■ What is needed ■
Take the entries below and print, exactly, the stretch from the line containing "Genesis GV70 2.5T Gasoline AWD, 2025" through the line containing "Temperatur betrug 14.9°C.", both included.

■ Data section ■
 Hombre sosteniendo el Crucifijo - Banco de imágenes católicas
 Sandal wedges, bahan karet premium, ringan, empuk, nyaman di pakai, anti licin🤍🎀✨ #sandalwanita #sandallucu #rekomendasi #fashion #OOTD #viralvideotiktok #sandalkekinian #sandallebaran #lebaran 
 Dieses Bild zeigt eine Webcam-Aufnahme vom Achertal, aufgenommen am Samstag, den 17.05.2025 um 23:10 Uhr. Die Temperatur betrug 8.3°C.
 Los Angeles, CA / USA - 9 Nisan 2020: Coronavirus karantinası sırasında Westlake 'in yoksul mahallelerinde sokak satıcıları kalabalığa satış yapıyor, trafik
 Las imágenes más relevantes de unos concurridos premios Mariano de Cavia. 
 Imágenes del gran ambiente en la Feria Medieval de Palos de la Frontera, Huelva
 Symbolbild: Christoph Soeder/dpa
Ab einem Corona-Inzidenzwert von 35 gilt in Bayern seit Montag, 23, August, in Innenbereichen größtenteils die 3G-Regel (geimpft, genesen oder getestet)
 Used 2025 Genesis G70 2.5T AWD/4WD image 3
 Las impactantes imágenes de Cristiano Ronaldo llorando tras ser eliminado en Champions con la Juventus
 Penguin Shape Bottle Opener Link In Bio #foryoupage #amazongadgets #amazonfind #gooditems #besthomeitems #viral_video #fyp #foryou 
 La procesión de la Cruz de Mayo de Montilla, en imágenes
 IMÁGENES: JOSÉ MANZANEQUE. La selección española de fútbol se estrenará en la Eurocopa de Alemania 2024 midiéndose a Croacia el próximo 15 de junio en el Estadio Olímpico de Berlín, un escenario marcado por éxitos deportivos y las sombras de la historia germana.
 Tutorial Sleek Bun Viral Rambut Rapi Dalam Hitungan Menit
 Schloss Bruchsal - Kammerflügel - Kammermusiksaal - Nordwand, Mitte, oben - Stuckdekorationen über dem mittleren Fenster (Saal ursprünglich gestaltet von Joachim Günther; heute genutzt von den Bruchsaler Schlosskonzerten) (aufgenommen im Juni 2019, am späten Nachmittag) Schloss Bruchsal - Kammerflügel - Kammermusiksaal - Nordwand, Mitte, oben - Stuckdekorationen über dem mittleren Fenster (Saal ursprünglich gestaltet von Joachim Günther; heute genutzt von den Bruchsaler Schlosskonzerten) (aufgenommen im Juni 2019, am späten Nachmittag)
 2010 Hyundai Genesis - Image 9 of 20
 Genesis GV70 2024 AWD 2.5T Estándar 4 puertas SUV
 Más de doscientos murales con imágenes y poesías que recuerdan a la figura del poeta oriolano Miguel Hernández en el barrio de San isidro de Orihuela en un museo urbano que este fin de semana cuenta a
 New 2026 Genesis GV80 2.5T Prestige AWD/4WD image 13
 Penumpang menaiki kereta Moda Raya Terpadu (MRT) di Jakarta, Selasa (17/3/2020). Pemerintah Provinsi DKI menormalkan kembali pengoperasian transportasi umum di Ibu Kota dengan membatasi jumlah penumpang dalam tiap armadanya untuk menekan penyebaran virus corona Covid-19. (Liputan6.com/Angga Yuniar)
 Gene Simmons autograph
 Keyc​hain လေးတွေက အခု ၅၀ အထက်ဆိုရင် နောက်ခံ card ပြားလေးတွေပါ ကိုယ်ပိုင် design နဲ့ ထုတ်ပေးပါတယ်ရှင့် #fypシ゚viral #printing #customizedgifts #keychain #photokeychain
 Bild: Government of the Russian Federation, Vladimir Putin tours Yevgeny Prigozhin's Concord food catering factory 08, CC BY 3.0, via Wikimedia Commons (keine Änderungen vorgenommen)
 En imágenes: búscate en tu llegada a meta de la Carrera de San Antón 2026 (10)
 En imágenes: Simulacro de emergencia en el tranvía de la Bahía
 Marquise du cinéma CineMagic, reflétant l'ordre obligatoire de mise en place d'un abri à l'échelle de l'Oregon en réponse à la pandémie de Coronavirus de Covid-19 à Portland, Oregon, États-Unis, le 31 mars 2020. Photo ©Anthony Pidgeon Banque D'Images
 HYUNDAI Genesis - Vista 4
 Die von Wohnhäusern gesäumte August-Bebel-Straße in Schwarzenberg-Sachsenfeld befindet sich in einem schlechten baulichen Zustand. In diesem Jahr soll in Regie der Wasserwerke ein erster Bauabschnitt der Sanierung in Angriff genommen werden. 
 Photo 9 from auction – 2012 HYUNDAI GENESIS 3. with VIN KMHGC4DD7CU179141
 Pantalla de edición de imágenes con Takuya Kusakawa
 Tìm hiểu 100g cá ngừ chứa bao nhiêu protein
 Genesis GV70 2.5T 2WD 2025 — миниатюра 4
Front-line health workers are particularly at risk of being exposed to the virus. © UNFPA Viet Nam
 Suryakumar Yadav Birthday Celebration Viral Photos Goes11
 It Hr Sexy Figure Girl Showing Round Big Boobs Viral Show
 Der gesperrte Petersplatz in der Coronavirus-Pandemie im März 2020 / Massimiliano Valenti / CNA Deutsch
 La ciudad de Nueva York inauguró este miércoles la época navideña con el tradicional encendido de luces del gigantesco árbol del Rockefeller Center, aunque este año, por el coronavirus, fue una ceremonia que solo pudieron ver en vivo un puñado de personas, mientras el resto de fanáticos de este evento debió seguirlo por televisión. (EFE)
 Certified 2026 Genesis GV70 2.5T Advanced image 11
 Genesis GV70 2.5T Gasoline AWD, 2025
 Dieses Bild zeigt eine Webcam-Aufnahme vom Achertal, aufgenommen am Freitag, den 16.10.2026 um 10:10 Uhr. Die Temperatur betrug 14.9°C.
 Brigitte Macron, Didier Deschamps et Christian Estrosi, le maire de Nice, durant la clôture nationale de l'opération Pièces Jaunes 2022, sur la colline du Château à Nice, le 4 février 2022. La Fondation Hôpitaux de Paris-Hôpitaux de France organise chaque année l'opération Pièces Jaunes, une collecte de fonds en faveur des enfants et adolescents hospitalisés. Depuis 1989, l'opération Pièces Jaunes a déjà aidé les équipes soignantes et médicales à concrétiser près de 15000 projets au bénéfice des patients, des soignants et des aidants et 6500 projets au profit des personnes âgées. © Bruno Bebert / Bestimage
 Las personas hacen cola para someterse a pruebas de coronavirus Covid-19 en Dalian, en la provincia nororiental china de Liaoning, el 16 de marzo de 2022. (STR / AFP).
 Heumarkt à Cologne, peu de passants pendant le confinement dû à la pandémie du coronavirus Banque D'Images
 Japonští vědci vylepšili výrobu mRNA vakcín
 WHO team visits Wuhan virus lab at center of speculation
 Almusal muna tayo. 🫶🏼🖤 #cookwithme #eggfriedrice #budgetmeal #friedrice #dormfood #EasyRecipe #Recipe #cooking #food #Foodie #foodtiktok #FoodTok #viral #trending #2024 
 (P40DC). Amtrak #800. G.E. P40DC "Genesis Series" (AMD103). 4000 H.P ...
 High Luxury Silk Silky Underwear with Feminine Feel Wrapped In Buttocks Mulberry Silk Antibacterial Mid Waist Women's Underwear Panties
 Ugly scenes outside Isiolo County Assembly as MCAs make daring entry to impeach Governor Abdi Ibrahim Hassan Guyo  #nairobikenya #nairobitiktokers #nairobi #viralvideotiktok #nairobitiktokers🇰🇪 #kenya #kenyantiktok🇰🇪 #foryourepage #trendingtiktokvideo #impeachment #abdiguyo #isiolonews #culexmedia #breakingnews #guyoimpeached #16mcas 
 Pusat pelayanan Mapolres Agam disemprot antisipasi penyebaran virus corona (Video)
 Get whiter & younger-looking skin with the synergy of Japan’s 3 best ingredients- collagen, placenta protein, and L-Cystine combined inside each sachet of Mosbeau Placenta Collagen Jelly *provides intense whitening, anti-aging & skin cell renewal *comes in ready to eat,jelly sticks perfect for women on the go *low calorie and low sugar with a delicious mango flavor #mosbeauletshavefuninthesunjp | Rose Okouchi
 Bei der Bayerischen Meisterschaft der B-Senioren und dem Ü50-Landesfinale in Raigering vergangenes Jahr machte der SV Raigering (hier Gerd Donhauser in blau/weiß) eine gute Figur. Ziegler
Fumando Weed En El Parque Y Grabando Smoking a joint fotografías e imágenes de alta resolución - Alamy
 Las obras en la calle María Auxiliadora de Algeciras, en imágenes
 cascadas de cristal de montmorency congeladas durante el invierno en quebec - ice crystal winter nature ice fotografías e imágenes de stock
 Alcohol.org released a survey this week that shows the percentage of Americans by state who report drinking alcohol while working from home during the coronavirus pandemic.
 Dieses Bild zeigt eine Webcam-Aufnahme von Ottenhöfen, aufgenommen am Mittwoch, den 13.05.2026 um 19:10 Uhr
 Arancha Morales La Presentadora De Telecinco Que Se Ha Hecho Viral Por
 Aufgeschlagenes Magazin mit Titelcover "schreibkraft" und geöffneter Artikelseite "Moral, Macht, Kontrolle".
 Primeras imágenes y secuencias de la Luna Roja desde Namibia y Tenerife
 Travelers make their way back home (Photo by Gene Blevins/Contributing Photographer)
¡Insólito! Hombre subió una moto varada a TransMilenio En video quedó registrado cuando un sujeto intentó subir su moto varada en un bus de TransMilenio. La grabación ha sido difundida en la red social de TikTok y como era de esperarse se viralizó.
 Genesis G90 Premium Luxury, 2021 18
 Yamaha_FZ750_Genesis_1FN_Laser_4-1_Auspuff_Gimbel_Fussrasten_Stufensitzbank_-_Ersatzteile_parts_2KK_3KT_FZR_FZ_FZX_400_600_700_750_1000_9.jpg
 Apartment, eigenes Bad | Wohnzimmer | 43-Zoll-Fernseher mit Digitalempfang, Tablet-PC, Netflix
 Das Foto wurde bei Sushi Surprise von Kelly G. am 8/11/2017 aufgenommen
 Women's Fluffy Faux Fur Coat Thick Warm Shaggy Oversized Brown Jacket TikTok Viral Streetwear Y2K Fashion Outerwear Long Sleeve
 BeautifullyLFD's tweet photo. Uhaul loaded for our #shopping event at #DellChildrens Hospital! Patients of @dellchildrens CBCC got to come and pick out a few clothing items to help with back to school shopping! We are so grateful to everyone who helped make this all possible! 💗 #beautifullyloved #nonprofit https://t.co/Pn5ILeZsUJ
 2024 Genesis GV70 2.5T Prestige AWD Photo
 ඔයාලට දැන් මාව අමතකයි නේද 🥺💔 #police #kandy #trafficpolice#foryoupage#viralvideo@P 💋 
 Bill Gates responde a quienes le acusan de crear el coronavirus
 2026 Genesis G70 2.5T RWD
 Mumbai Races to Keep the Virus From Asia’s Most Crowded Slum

■ Answer space ■
 Genesis GV70 2.5T Gasoline AWD, 2025
 Dieses Bild zeigt eine Webcam-Aufnahme vom Achertal, aufgenommen am Freitag, den 16.10.2026 um 10:10 Uhr. Die Temperatur betrug 14.9°C.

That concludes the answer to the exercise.